Thursday 1 December 2011

Writing Raw: Amazon clamp down on paid-for reviews

I was immensely cheered today to read in Writing Raw that Amazon are clamping down on paid-for book reviews provided by author promotion organisations. Ironically, the article was penned by someone who runs one such website, Shirley A. Roe, of Allbooks Review.

Writing Raw is an online magazine that grew out of Raw Edge, a nice Arts Council-funded literary magazine that was handed out for free at libraries here in the Midlands. (I always picked one up, and our own Michael Thomas reviewed books for them.) The current issue is here, but apologies to future readers: from the look of it, old content on the site is scrubbed when a new issue is added, so I can't permalink to the issue, and I can't directly link to the articles I'm talking about.

Shirley Roe's article, "David vs. Goliath or Allbooks Review Int. vs.", can be found about two-thirds down the left-hand column on this page. It begins:
"Allbooks Review started in 2000 and has reviewed thousands of books, encouraging and supporting new and established authors for more than eleven years"
According to the Publishers' Area on the Allbooks website, the cost of a review is currently $45. Quite a bit of money for an author, although if you wanted to pay someone by the hour to read and review a book of any length it wouldn't come close to minimum wage. The FAQs reassure authors that "98% of our reviews are positive". Their Goodreads account is still up, and all books get either four or five stars, including, naturally, five stars for Shirley Roe's books.

Amazon have removed all of those reviews from their website, because:
"We found your reviews to be in violation of our guidelines and have removed them. Because of this violation, we've removed your reviewing privileges from your account."
Looking at Amazon's review guidelines, I would guess that this is the part of the guidelines that the company is said to be violating:
"Reviews written for any form of compensation other than a free copy of the product. This includes reviews that are a part of a paid publicity package"
Seems perfectly clear and sensible to me. Free books sent out to reviewers are fine, but reviews for which you have been paid are not. Another relevant part (and it's something that I will have to be careful to do in future) is that:
"If you received a free product in exchange for your review, please clearly and conspicuously disclose that that you received the product free of charge."
At the conclusion of the article, Shirley speaks of becoming the "Michael Moore of the book industry". Erm, no. The Michael Moore in this situation would be whoever noticed the thousands of paid-for book reviews that were potentially misleading consumers and got Amazon to do something about them.

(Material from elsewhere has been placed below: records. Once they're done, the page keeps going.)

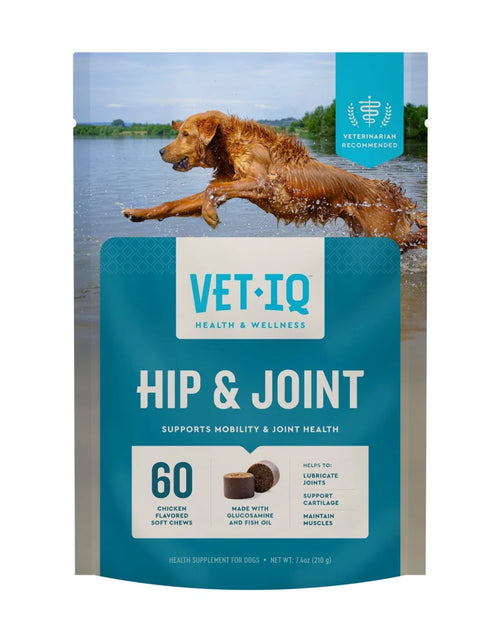 Load image into Gallery viewer, (3 Pack) Vetiq Hip &amp; Joint Supplement for Dogs, Chicken Flavored Soft Chews, 7.4 Oz, 60 Count
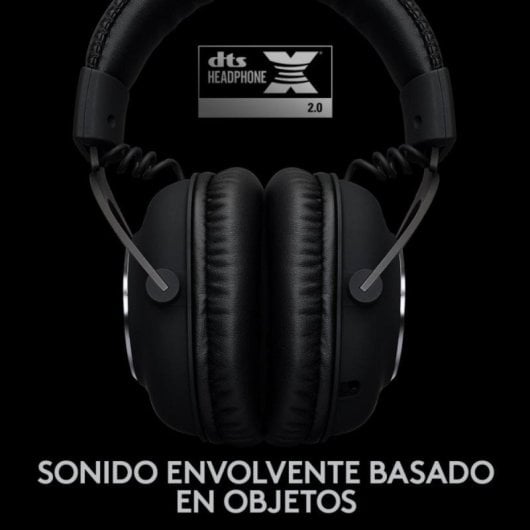 Auricolari Logitech G Pro X Wireless LIGHTSPEED Gaming con microfono Blue VO!CE e surround DTS, neri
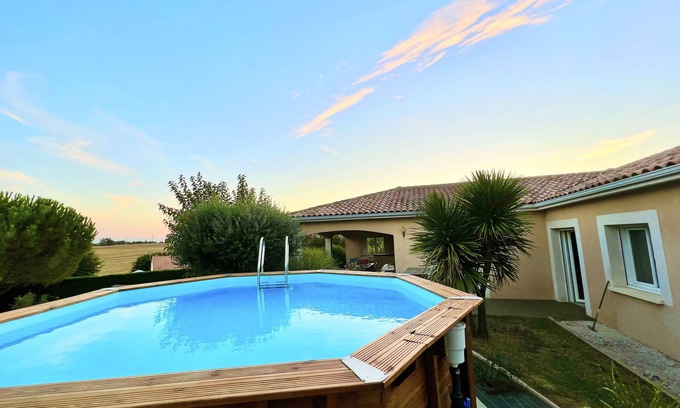 Laroque-Timbaut Casa | Casa de vacaciones en el campo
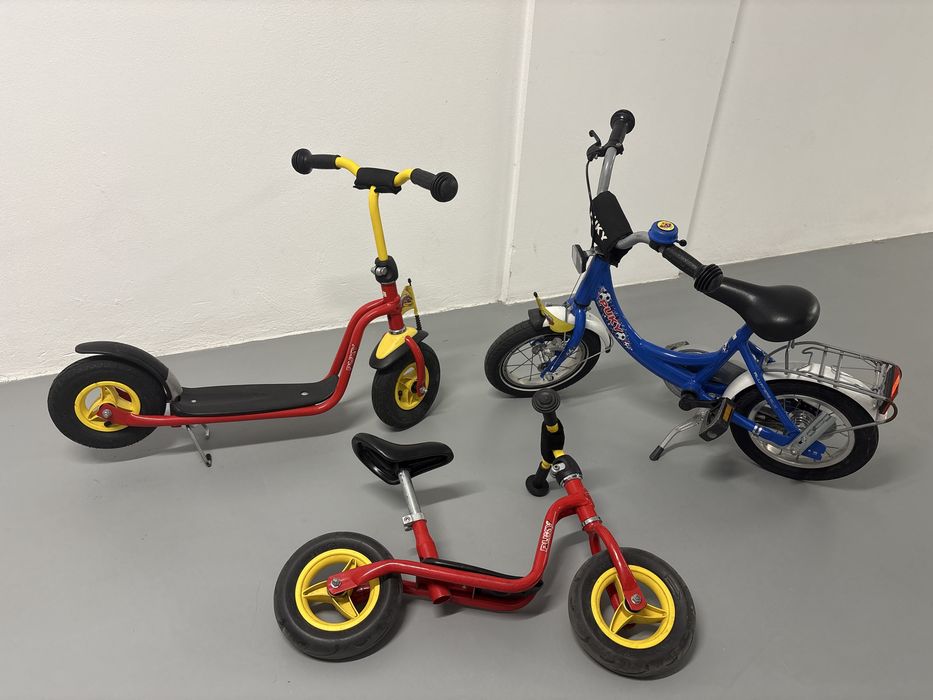 Bicicletas e trotineta Puky para criança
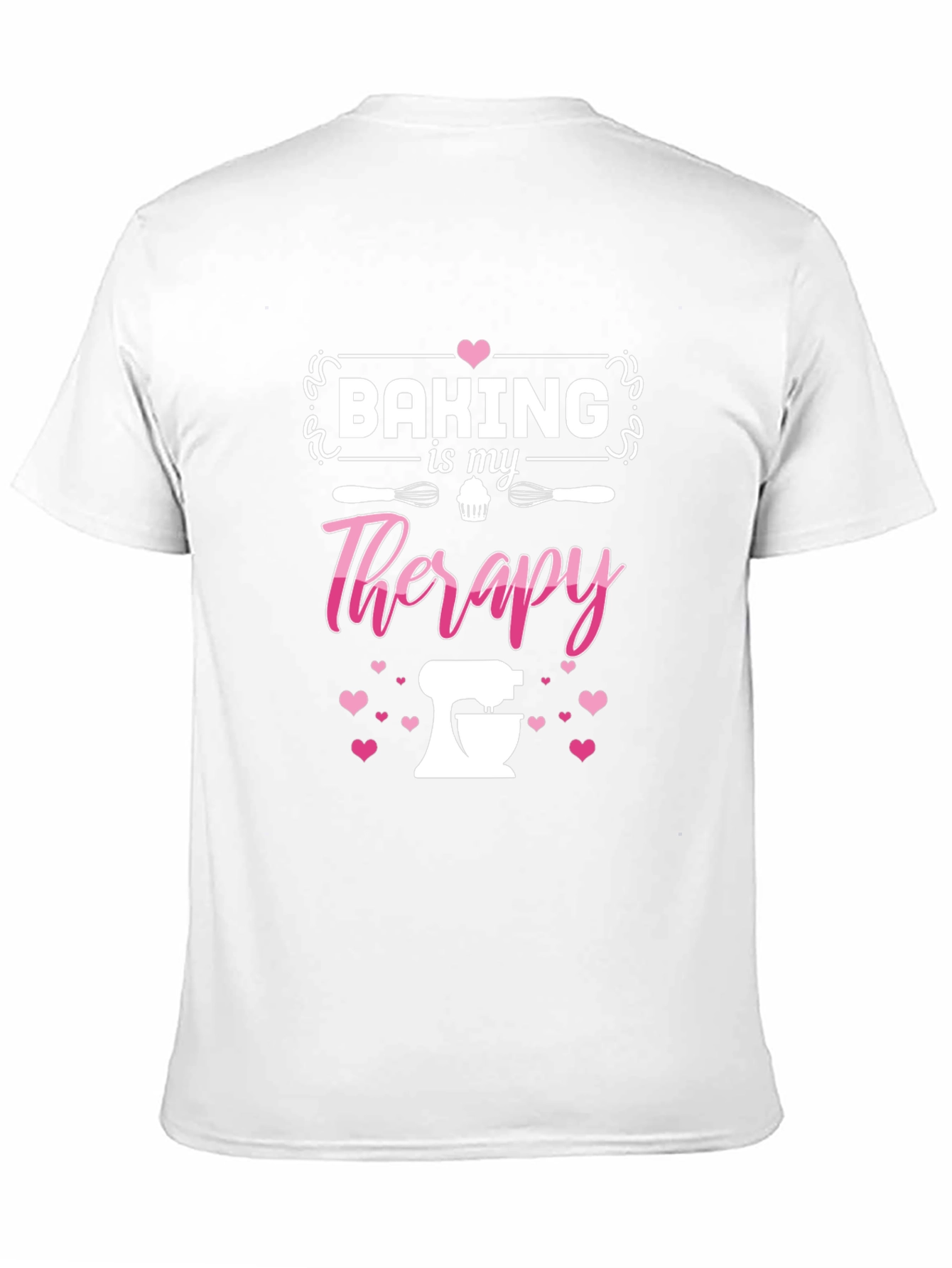 Baking is My Therapy Graphic Tee - Black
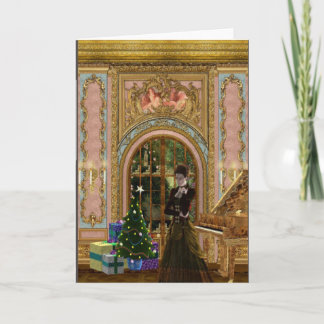 Steampunkのクリスマス シーズンカード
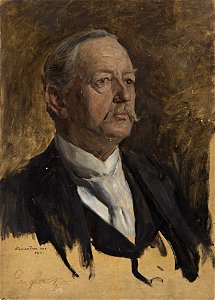 William Pape - Portraitstudie Adolf Engler. Entwurf zu dem verschollenen Gemälde Letzte Sitzung der Preußischen Akademie der Wissenschaften im alten Haus - BG-M 12017-12 - Berlinische Galerie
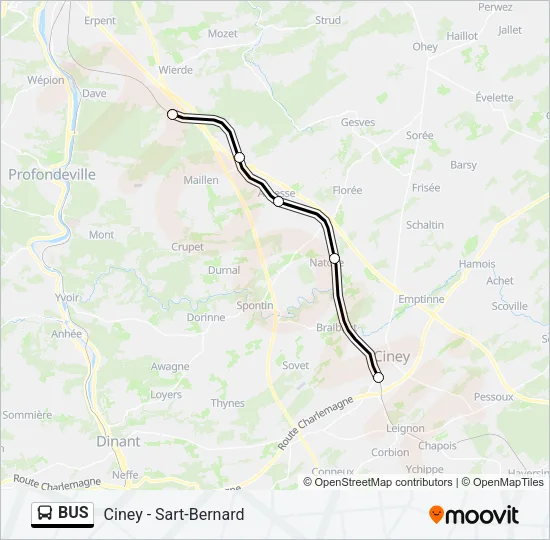BUS Line Map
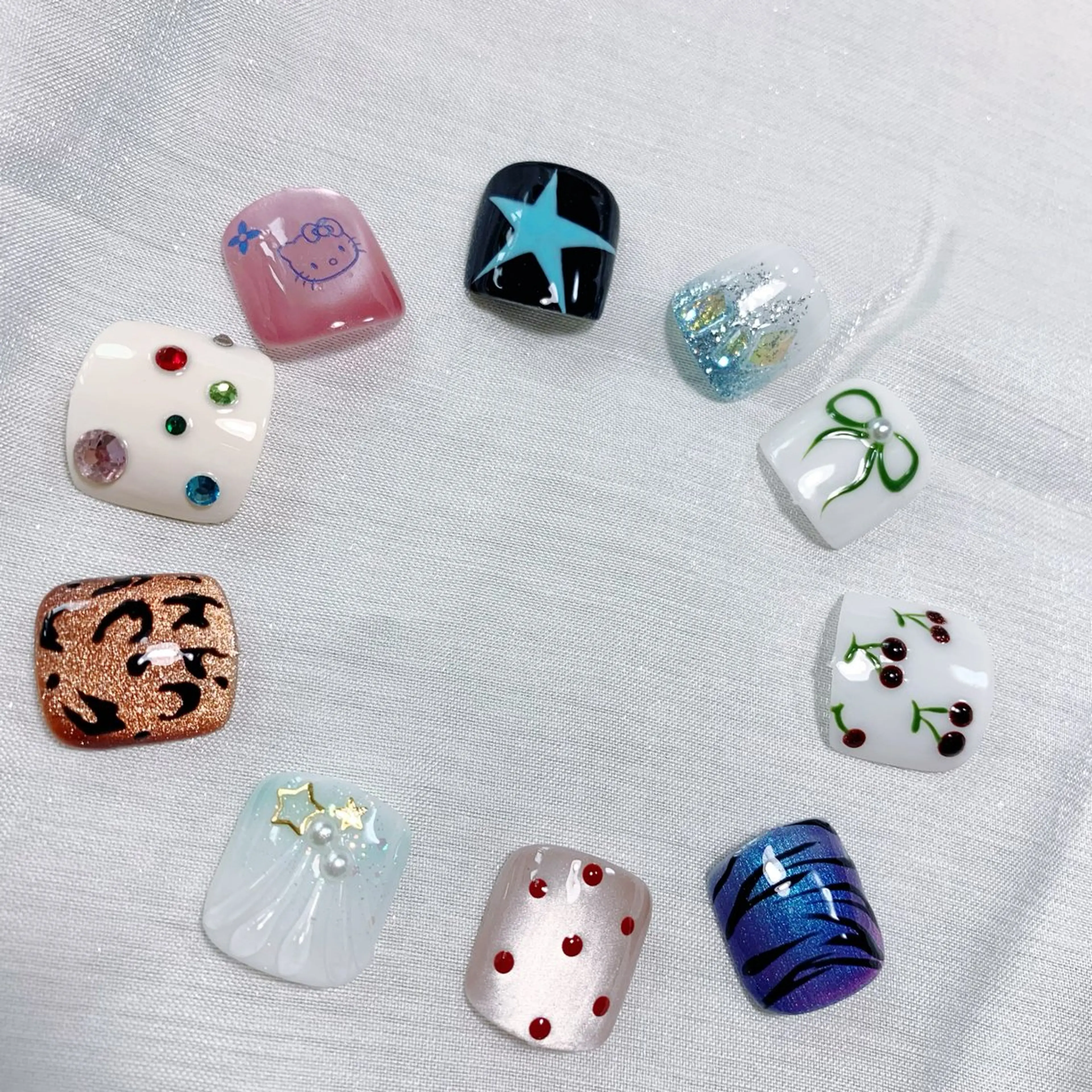 【フット】夏にピッタリ♪親指アートネイル◇¥6500の写真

Ideally by way of a comical prank.

So, in short, good for Amazon.

To open the issue out a bit more generally, indie and self-published authors and their friends should really understand that in many regards a range of reviews is better than nothing but five-star reviews. A range of reviews looks honest. Think of your favourite book of all time, and look at it on Amazon: I bet it's got a handful of one and two star reviews (often from complete idiots, or relating to particularly bad editions, but you get my point).

By all means encourage your friends and family to read your books, and to review them on Amazon. But encourage them also to be honest and to disclose their relationship with the author. Do all you can to discourage them from harassing less enthusiastic reviewers. Someone doing this kind of thing is not doing you any favours. (That commenter is also responsible for the silliest, unfairest review I've ever read.) Even if they didn't like your book, those are your actual readers, and if your friends and family post harassing comments, mark their reviews as unhelpful, and so on, that's going to put them off ever trying and reviewing your work again.

If you want the wider world to treat you like a proper, professional writer, ask your friends and family to treat you like one as well.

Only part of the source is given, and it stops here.